Ils sont cinq : George Peatty (Elisha Cook Jr), Randy Kennan (Ted de Corsia), Marvin Unger (Jay C. Flippen), Mike O’Reilly (Joe Sawyer), et bien entendu, le cerveau de la bande, Johnny Clay (Sterling Hayden). Leur coup : la caisse de l’hippodrome, un jour de grand prix. Deux millions de dollars. En 1955, c’est énormément d’argent. En plus des cinq partenaires, s’ajoutent deux complices, sorte d’extras qui, s’ils ne sont pas partie prenante du casse vont tout de même le faciliter.
Nous assistons donc – avec jubilation – au déroulement de ce casse dans ses moindres détails.
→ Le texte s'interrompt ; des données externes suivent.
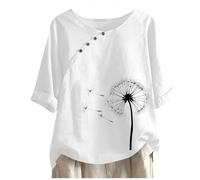 Keepink Damen-Top, lässig, lockere Passform, Baumwolle, Leinen, Tunika, Tops für Damen, UK-Kurzarm, Knopfleiste, Blusen und Hemden, Blumenmuster, Löwenzahn-T-Shirts, Sommer, elegant, eleganter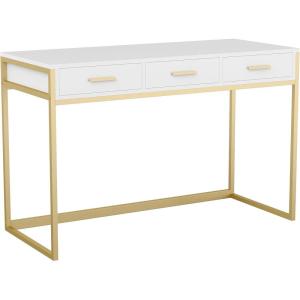 Martha Stewart Ollie Home Office Desk with 3 Drawers in White with Polished Brass Hardware(White Top/Polished Brass Frame)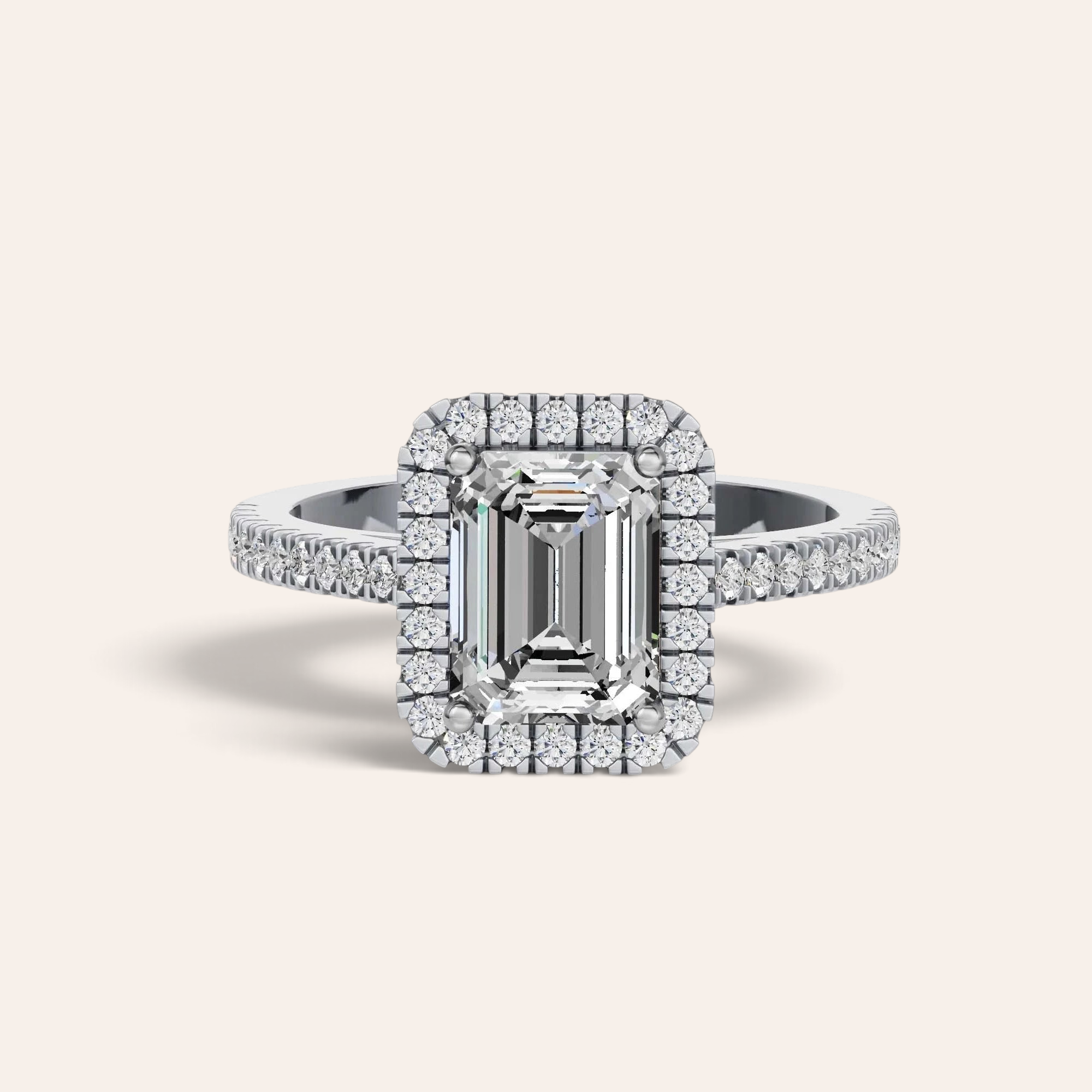 Louèn Diamonds verlovingsring met 2.0 ct smaragd geslepen lab grown diamant en halo in 14k witgoud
Voici le film qui a véritablement lancé Kubrick. Il s’agit d’une chronique. Chaque geste est pensé, préparé, et exécuté avec minutie. Tout comme le montage du film. C’en est d’ailleurs l’atout. Kubrick rompt avec le temps linéaire. Il fait sans cesse des retours dans le temps afin de mieux nous faire apprécier ce coup de maître. Le casse est filmé selon différents angles, selon différents points de vue. Nous voyons, de fait, trois fois les préparatifs de la course.
A chaque nouveau point de vue du casse, nous avons un rappel de ce que nous savons et un autre angle de vue : celui de Mike, celui de George et celui de Johnny. Et en fin de compte, nous, spectateurs, comprenons le rôle de chacun et son implication dans le résultat final.
Mais comme toujours dans ces cas-là, il y a un grain de sable. Il n’est pas question que les gangsters s’en tirent. Nous sommes en 1955. Alors il y a un grain de sable. Ou plutôt deux : Sherry (Marie Windsor), la femme de George, et la mémère au chienchien. Chacune d’elle fera capoter l’opération : Sherry auprès des complices de Johnny ; la mémère pendant la fuite de ce dernier, à l’aéroport.
Cette scène finale est tout bonnement extraordinaire : une valise qui ferme mal, un chienchien à sa mémère qui s’échappe et tout est dit. Johnny Clay est groggy. Il vient de prendre le coup de sa vie, après avoir organisé le casse du siècle. Une scène inoubliable.